BY: Andrew Hardaway, PhD
DATE: May 28, 2016
There is a growing interest in studying how our diet impacts brain health and function. In a recent paper1, a group of German scientists made a novel discovery about how the consumption of high fat foods impacts brain health function. People and rodents primarily use the carbohydrate glucose to provide energy to the body’s cells and have evolved complex biological mechanisms to ensure its distribution to even its most remote, seemingly innaccesible tissues. Measurements of glucose uptake, the process of moving glucose from the blood stream to the body’s cells, in humans or animals are made possible through advanced imaging techniques like positron emission tomography (PET) in combination with a glucose analog called 18F-FDG. Previous studies using PET clearly demonstrate that the brain is the most glucose-rich organ in the body. The brain is made up of a highly dense network of neurons and glia that constantly engage in energy-intensive processes and its glucose supply is tightly controlled through a separate network of blood vessels. Although the study of glucose dynamics in the blood has been well studied with regards to chronic high fat diets and type II diabetes, the regulation of glucose uptake and use in the brain in response to high fat diet was still unknown.

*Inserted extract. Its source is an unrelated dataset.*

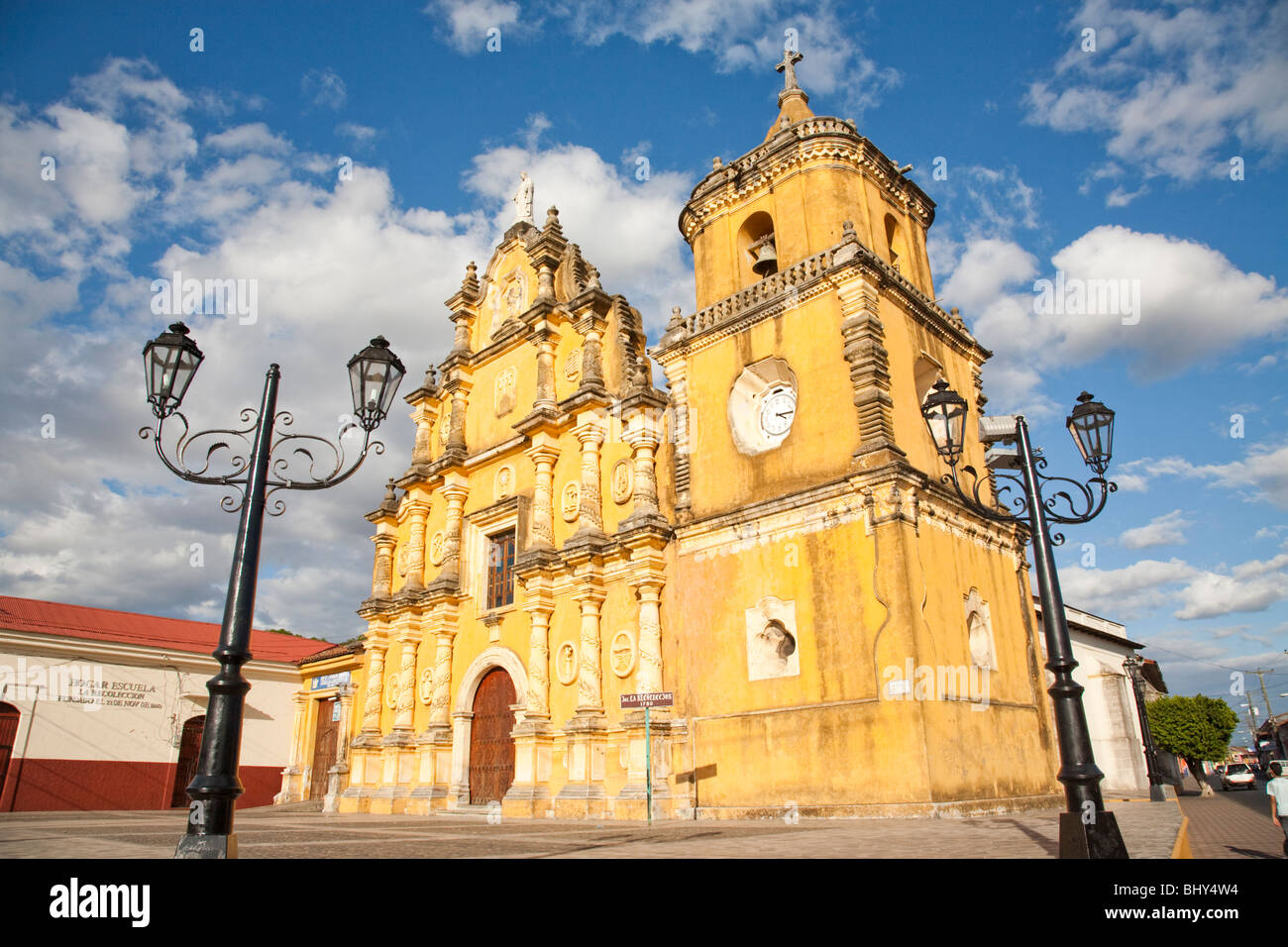 Iglesia La Kirche Recoleccion, Leon, Nicaragua Stockfotografie Alamy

The authors used a simple model of high fat diet access over multiple days and used 18F-FDG PET imaging in live mice and observed reductions in glucose uptake in several key brain regions like the motor cortex, somatosensory cortex, hypothalamus, and nucleus accumbens relative to a pre-high fat diet baseline period. This surprising result clearly demonstrates that despite an increase in energy intake in the form of mostly dietary fat, the brain is actually being deprived of its primary energy source in these important brain regions.
The question that the authors pursued next was “How is high fat diet producing these deficits in glucose uptake in the brain?” Glucose uptake occurs in blood endothelial cells through a protein known as the glucose transporter that transports glucose from circulating blood and provides it to nearby cells. The glucose transporter acts like a vacuum specifically for glucose, leaving other blood molecules untouched. The authors observed that short-term high fat diet access reduces the presence of glucose transporter in the brain, whereas long-term access to high fat diet had normal glucose transporter function. They then showed that glucose transporter function in blood endothelial cells (blood vessels) was essential for life and brain glucose uptake. Next, in a series of elegant experiments, the authors showed that the brain compensates for this short-term decrease in glucose transporter expression and function by the induction of a well-known signaling pathway called vascular endothelial growth factor (VEGF). VEGF is expressed in a subset of the body’s immune cells called macrophages, and the induction of VEGF signaling in macrophages sets in place a cascade of events that increases glucose tranporter function and elevates glucose uptake in the brain. They showed that mice bearing a loss of VEGF in a macrophage-lineage cell type were unable to compensate to high fat diet induced changes in brain glucose uptake, blood glucose intolerance, inflammation, and had cognitive-like impairments. These experiments showed that our brains have evolved several key molecules that help distribute glucose to the brain and that their function are impaired following consumption of high fat diet, but the brain can eventually compensate to restore glucose supply.
These studies provide a novel view of the mechanisms by which the brain and its associated blood vasculature are working to feed itself and how these systems interact with our diet. Future studies examining the behavioral impact of the high fat diet-induced disruptions in glucose uptake in specific brain regions may provide a novel window in understanding how diets rich in fat shape brain function and behavior. Furthermore, these studies show that targeting the glucose transporter and VEGF might be an effective treatment for individuals suffering from cognitive decline.
- Jais, A. et al. Myeloid-Cell-Derived VEGF Maintains Brain Glucose Uptake and Limits Cognitive Impairment in Obesity. Cell 165, 882–895 (2016).